Equity markets have continued to move higher despite a more uncertain backdrop. Investors are weighing risks—including Middle East tensions, higher oil prices, firmer bond yields and policy uncertainty—but these are yet to derail the fundamentals that matter most: corporate earnings remain strong, spending by companies and consumers continues, and credit conditions remain supportive. In short, markets are not ignoring the risks, but they have not yet seen enough evidence that these are damaging the earnings outlook.

AI remains the dominant theme

The dominant market theme remains artificial intelligence (AI), but leadership within the theme is changing. In prior years, returns were heavily concentrated in Nvidia and large hyperscalers. Today, the AI ecosystem is becoming broader and more complex, creating new winners and losers across the value chain.

Investors are increasingly focused on where bottlenecks may emerge. Demand for memory, networking equipment, power generation, and semiconductor manufacturing equipment continues to accelerate. As a result, leadership has broadened beyond Nvidia and the hyperscalers toward companies such as AMD, Broadcom, Intel, and a range of infrastructure providers supporting the AI buildout. The market is becoming more selective, rewarding companies with visible demand, pricing power, and capacity constraints.
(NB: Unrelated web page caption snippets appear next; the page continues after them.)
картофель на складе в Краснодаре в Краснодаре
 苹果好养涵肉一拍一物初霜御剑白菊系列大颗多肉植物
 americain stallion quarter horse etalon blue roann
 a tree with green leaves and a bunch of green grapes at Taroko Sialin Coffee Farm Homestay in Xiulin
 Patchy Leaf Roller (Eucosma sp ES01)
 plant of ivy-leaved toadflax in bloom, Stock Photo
The chart below highlights the challenge of today’s market. Leadership remains highly concentrated in areas tied to AI, with Information Technology and Communication Services driving much of the return. But beneath the surface, performance is increasingly polarized. Semiconductors and semiconductor equipment have surged, while software and services have lagged. In Industrials, electrical equipment has benefited from AI-related power demand, while professional services have been weighed down by disruption concerns. The takeaway is that AI exposure alone is not enough. The market is rewarding companies tied to visible spending, capacity constraints and pricing power, while penalizing businesses where AI may threaten future growth. 

Middle East conflict is the dominant risk

The most important macro risk remains the conflict in the Middle East and its impact on global oil supply. While oil prices have risen, they have not yet fully reflected what has become one of the largest supply disruptions in history. We are now roughly three months into the disruption—an important threshold, because temporary shocks can begin to have more lasting economic consequences if they persist.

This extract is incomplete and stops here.